Thankfully, because of his desire to change, coupled with understanding and support from family and friends, he is working at recovery. Through all of this, we have taken the time to learn about the problems of addiction and mental illness so that we can not only better help our son, but also help others.

We have learned that addiction is a significant problem with lethal implications. Our son not only lost opportunities for education and work, but also nearly died. He lost friends who had not been fortunate to sustain recovery and died from addiction. We have learned that addiction is complex, and demands comprehensive approaches.

Addiction and mental illness often are co-occurring and both are often accompanied by physical health issues. We have learned to respect that recovery is a long process and there are no quick fixes. We have learned that setbacks and relapses are common on the road to successful recovery.

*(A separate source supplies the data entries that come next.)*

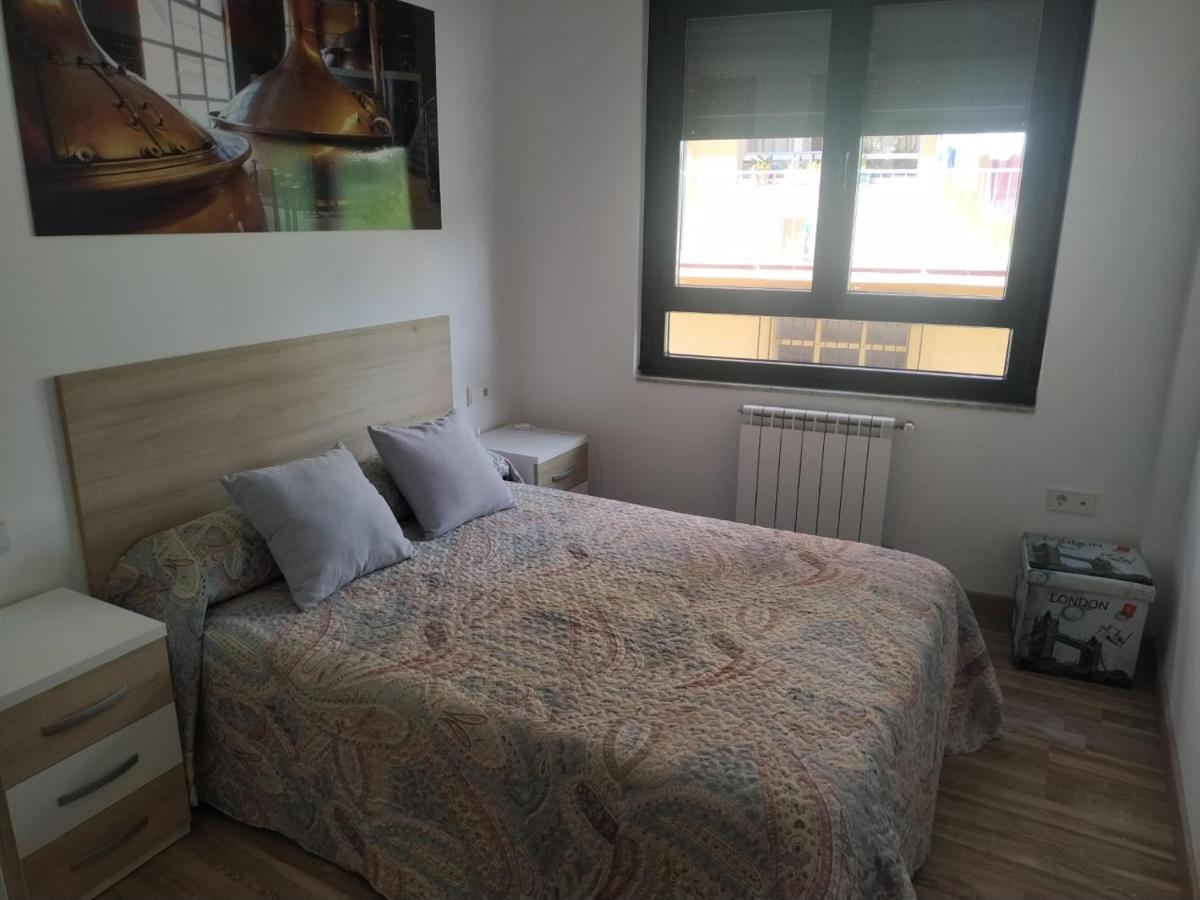 Apartamento Edificio Valles Del Lúpulo Astorga
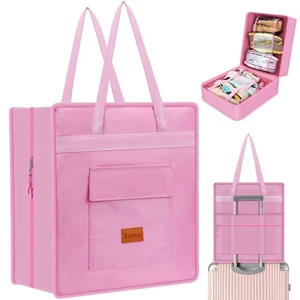 Shoe Bags for Travel with Handle, Waterproof Large-Capacity Family Travel Sho... - Picture 1 of 7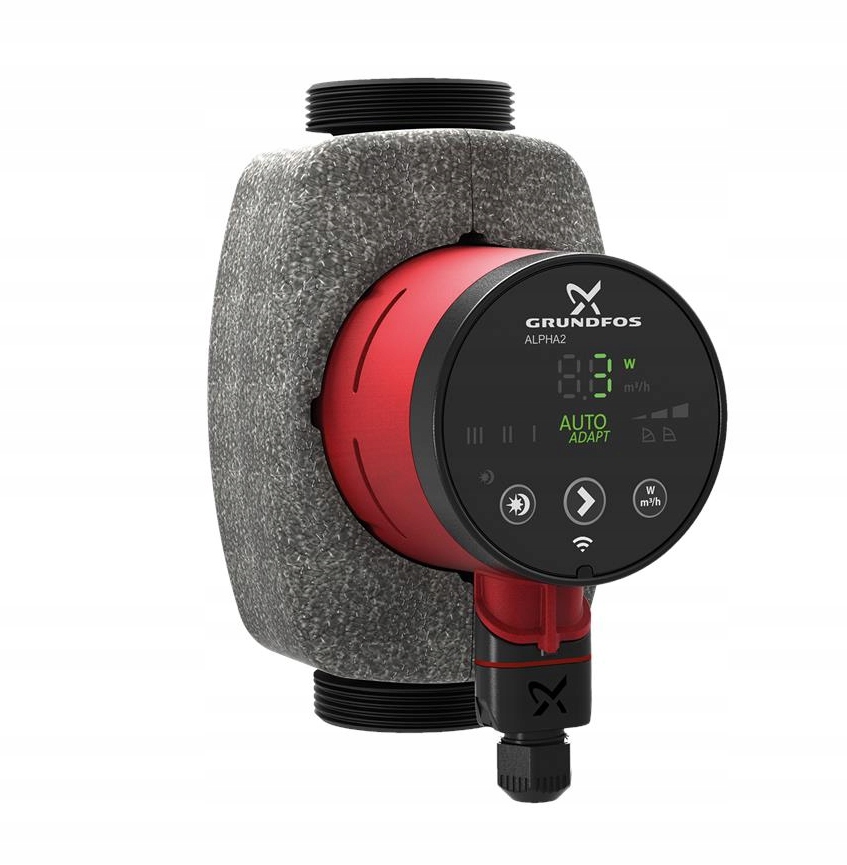 GRUNDFOS ALPHA2 32-80 OBEHOVÉ ČERPADLO AUTOADAPT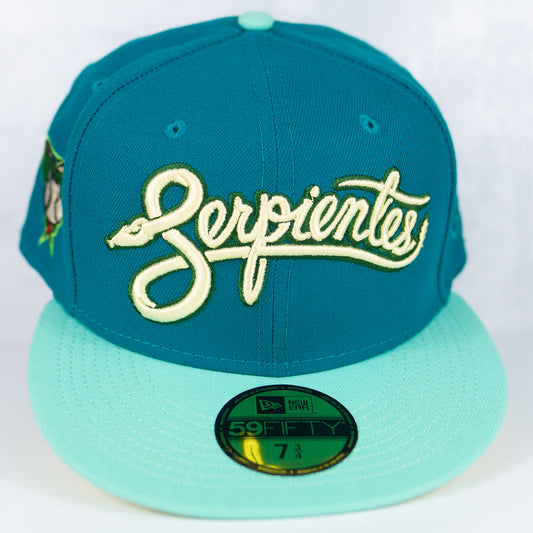 New Era “Narnia” Arizona Diamondbacks Fitted Hat image 0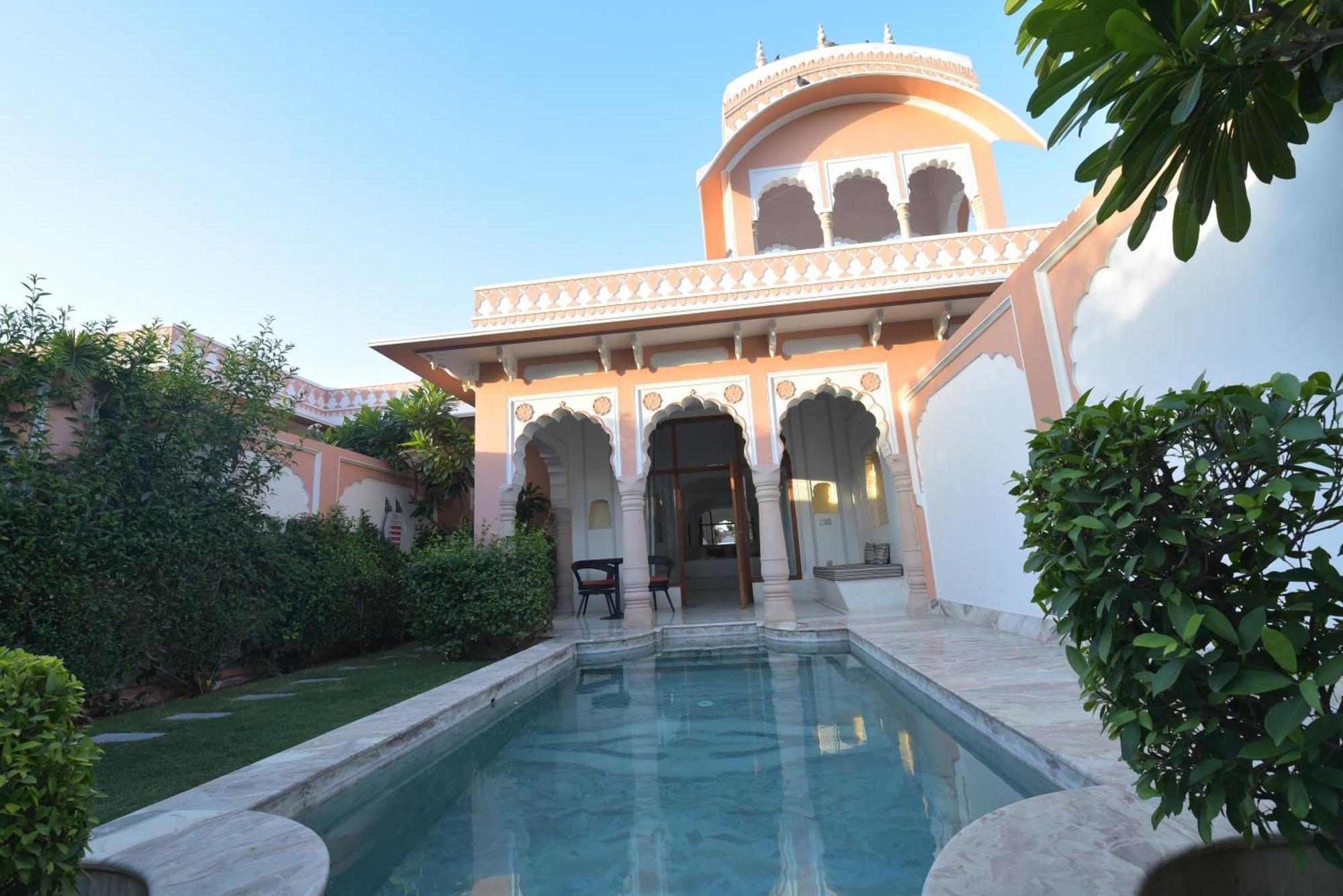 Buena Vista Luxury Garden Spa Resort Τζαϊπούρ Εξωτερικό φωτογραφία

We have also become acutely aware that Maine lacks capacity for adequate treatment, including in-patient and out-patient facilities and services across the spectrum of addiction and mental health. Having some place to turn can depend on where you live, your income, and insurance. And even then there are typically long waiting lists.

Based on what we have learned, we offer the insight to alleviate this crisis.

First, we need to be compassionate. If this can happen in our family, it can happen in yours. There are many paths to addiction, and judging people as to how and why they got there exacerbates stigma and an “us vs. them” culture that impedes solutions.

Second, we need to educate, communicate, and maintain dialogue. This is not a problem that people freely talk about. At first we were reluctant to share our story. We soon found that education and discussion creates deeper and more widespread understanding; it reduces stigma and helps those in need.

Finally, addiction is a health issue and, like other health issues, with the right help it can be successfully treated. Because this problem is complex, comprehensive and integrated health-care approaches are needed.

This requires increased access to health insurance. We are fortunate to have health insurance coverage to help our son; many in Maine are not as fortunate. Maine can do more to resolve this problem.

Over the past several years Maine has rejected hundreds of millions in federal funding that could help expand access to all kinds of health treatment, including dollars that could help create greater capacity for addiction treatment. In the recent session, lawmakers had yet another opportunity to extend coverage, but faced a veto by Gov. Paul LePage. This is yet another lost opportunity to help Maine people and begin to reverse the addiction crisis.

We, as parents, are grateful that we have been able to help our son as he works at recovery towards a healthy and independent life. We only wish the same opportunity could be shared by all who are willing to try.

Jim and Joanne Damicis live in Scarborough.